British MPs have been highly skeptical of the conclusions made by Ms. Achiume, calling them ‘complete rubbish’ and ‘not worth the paper they are written on,’ and claiming that she’s completely misunderstood the vote. One of her biggest critics in the House of Commons may have been Tory MP Peter Bone, who said that Ms. Achiume was ‘totally ill-informed and doesn’t understand Brexit’ for making the claim that Britain is more discriminatory now than it was before Brexit. Mr. Bone suggested rather the current immigration policies under the European Union to be racist as they allow E.U. nationals to move freely to the U.K. while establishing stricter control on members of other nationalities, and suggested that the immigration system should be equal for all applicants no matter the country of origin.
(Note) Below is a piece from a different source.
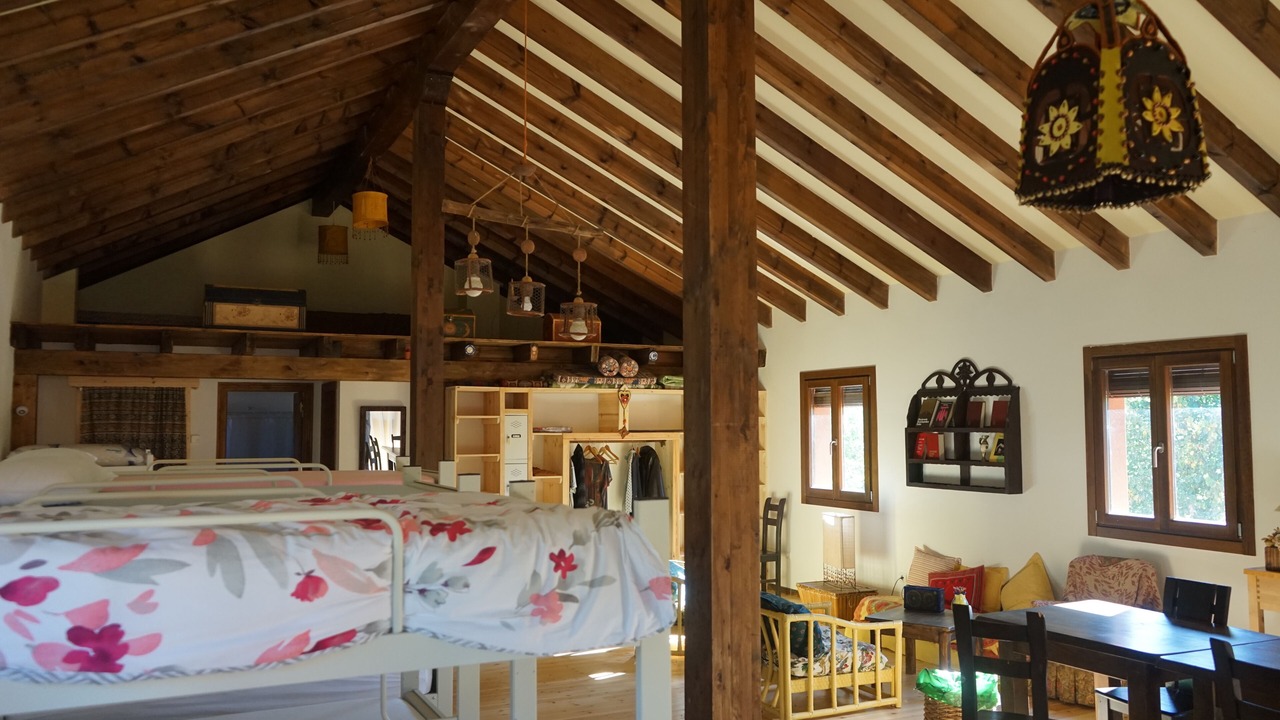 Photo of Bedroom in Las Medulas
Another Tory MP, Jacob-Rees Mogg, who has been highly vocal of his support for Brexit, also had some harsh words for Ms. Achiume, targetting the credibility of U.N. by saying ‘The UN ought to have better things to do than issue tendentious reports about the UK.’
Not only does Ms. Achiume believe that Great Britain has made bad legislation regarding immigration and terrorism, she believes it’s a part of ‘structural socioeconomic exclusion‘ of racial and ethnic communities in the country. She, along with other U.N. ‘experts’ on the issue, repeated this in a U.N. report, where they also claimed there to be a ‘criminalisation of people of African descent and other minorities in the UK’ – whatever that may mean.
She isn’t, however, the first U.N. dignitary critical of the human rights record of Great Britain. Among them are Yves Cabannes, Raquel Rolnik, Rashida Manjoo and Leilani Farha. Most nutorious of them is Mrs. Rolnik, a critic of the British ‘bedroom tax’ – a measure initiated in 2013 reducing housing benefits for people with spare bedrooms – has become infamous for admitting to have sacrificed an animal to Karl Marx while studying for her Master in architecture so he would ‘leave her alone’ to study in peace.
Ms. Achiume’s report on Brexit’s implications for the prevalence of discrimination in Great Britain will be published in June 2019, but are unlikely to have big effect on British policy-making considering her already having lost respect by British politicians for suggesting the correlation.